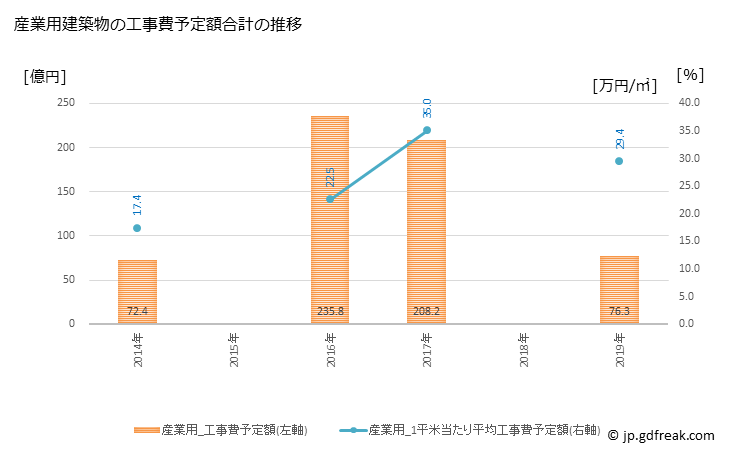 グラフ 年次 調布市(ﾁｮｳﾌｼ 東京都)の建築着工の動向 産業用建築物の工事費予定額合計の推移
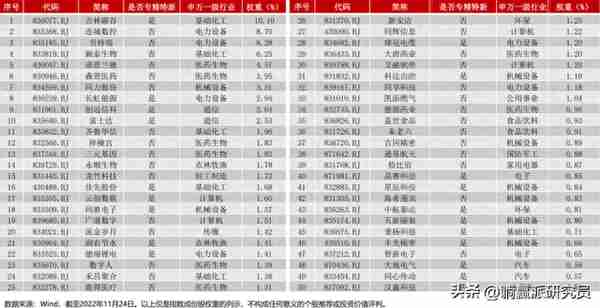 冲浪「北证50」：一个高浓度「专精特新」指数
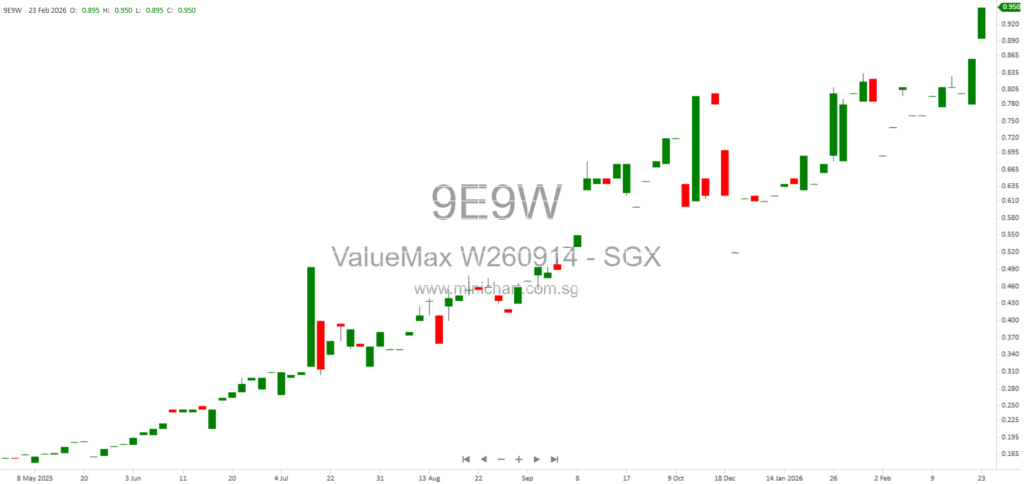 ValueMax Group Limited FY2025 Results: Record Revenue, Profit Growth & Dividend of 1.20¢ Interim and 2.68¢ Final per Share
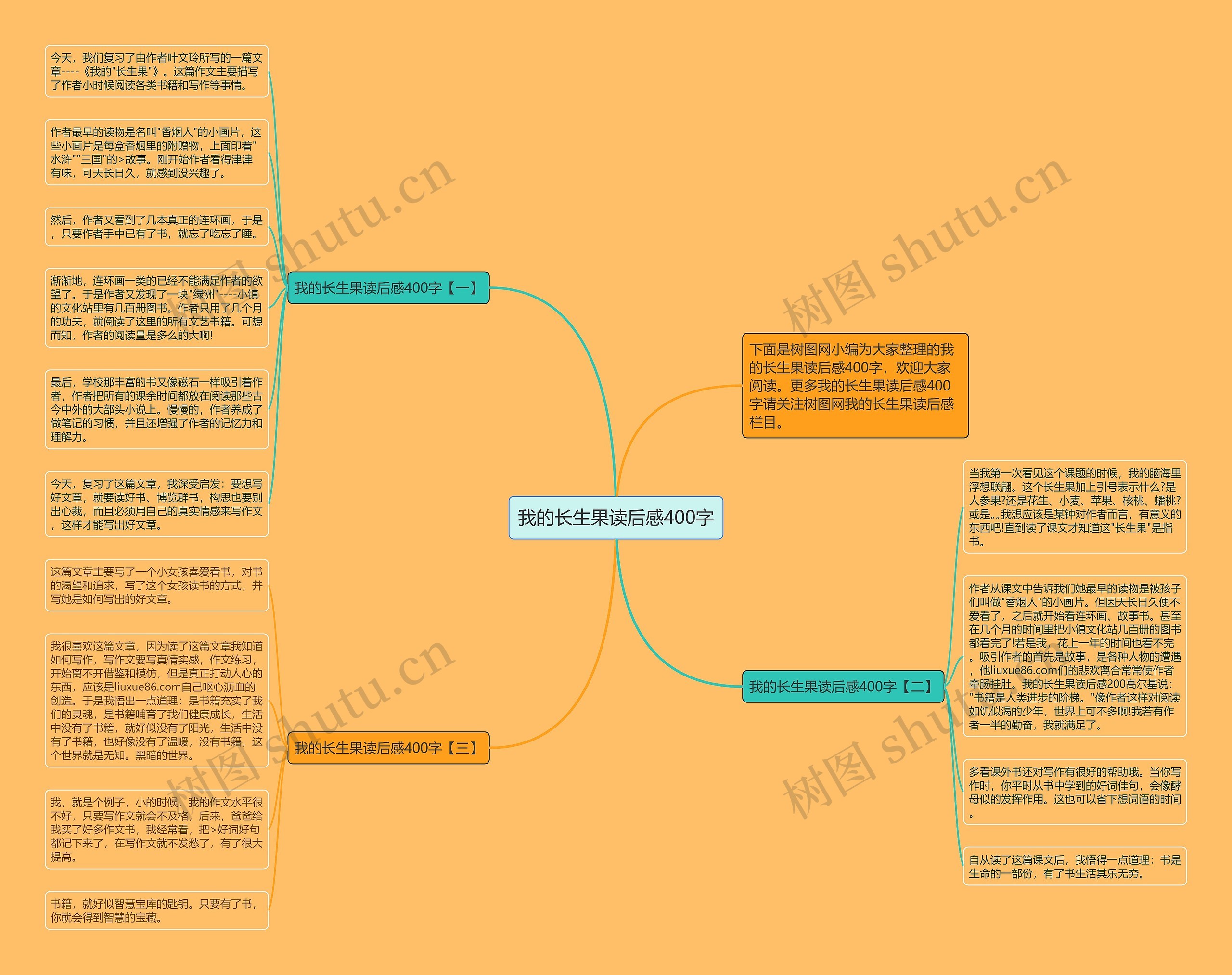 我的长生果读后感400字思维导图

## Aim of the task
An exact, image-free transcript of the material is required.

## Task response
 グラフ 年次 調布市(ﾁｮｳﾌｼ 東京都)の建築着工の動向 産業用建築物の工事費予定額合計の推移
 冲浪「北证50」：一个高浓度「专精特新」指数
 ValueMax Group Limited FY2025 Results: Record Revenue, Profit Growth & Dividend of 1.20¢ Interim and 2.68¢ Final per Share
 我的长生果读后感400字思维导图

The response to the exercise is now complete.